Dominação literária²

Com os olhos brilhantes, minha professora do primário falava sobre a importância da leitura, sobretudo a da escrita. Não adiantava – essas competências estavam atreladas num alto nível de dependência. Desde muito pequena sempre fui incentivada e atraída pelos textos literários.

Comecei com a literatura amistosa de Ana Maria Machado. Depois a doçura de Ruth Rocha arrebatou meu coração! Cecília Meirelles me mostrou o que era uma poesia. Lembro-me das rimas, dos versos e estrofes que cirandavam entre as linhas do livrinho paradidático. Monteiro Lobato era de lei no fundamental I. Como não ovacionar tamanha criatividade?

Não demorou muito e Pedro Bandeira deu as caras na minha vida de pequena leitora. Passava horas a fio lendo as obras de sua autoria e imaginando perseguições policiais, paixonites agudas e dilemas infanto-juvenis. Não tínhamos Facebook, Instagram ou WhatsApp, mas tínhamos imaginação fértil e isso era fantástico.

Minha mãe ralhava comigo por ler demais, dizia que a “vista” precisava de descanso, mas orgulhava-se disso por onde passava. Cresci um pouco mais. Certo dia, em minhas andanças literárias, conheci Clarice - que me desmontou em três tempos.
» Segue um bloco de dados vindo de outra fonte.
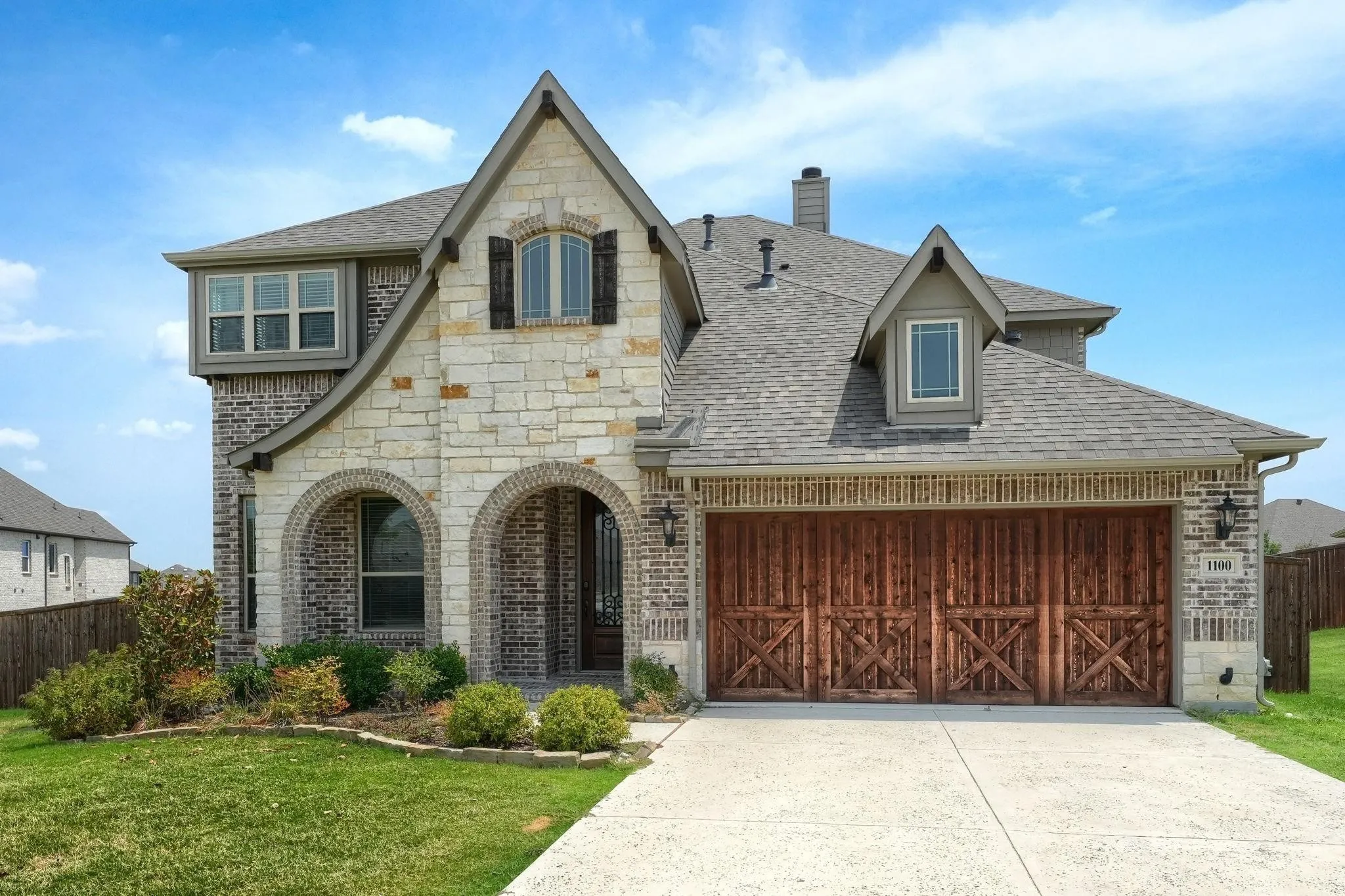 Stone and brick exterior with arched entryway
Recordo-me das aulas de literatura e dos debates sobre a efemeridade da vida e sobre os devaneios utópicos presentes nas obras de Lispector. Era uma montanha-russa de sensações e sentimentos. O meu coração adolescente estava ali – e permanece até os dias atuais.

A ucraniana foi porta de entrada para drogas mais pesadas e violentas: Primeiro Drummond apareceu, todo sorrateiro; depois passei por Bandeira. Vinícius de Morais me fez chorar de soneto a soneto. Mário de Andrade, Mário Quintana... Prosas de Graciliano Ramos, Guimarães Rosa, Aluízio Azevedo... Que nostalgia, meus amigos! Rachel de Queiroz e Ariano Suassuna reafirmaram no peito aberto o orgulho de ser nordestina. Até que um dia respirei o ar machadiano. Nossa!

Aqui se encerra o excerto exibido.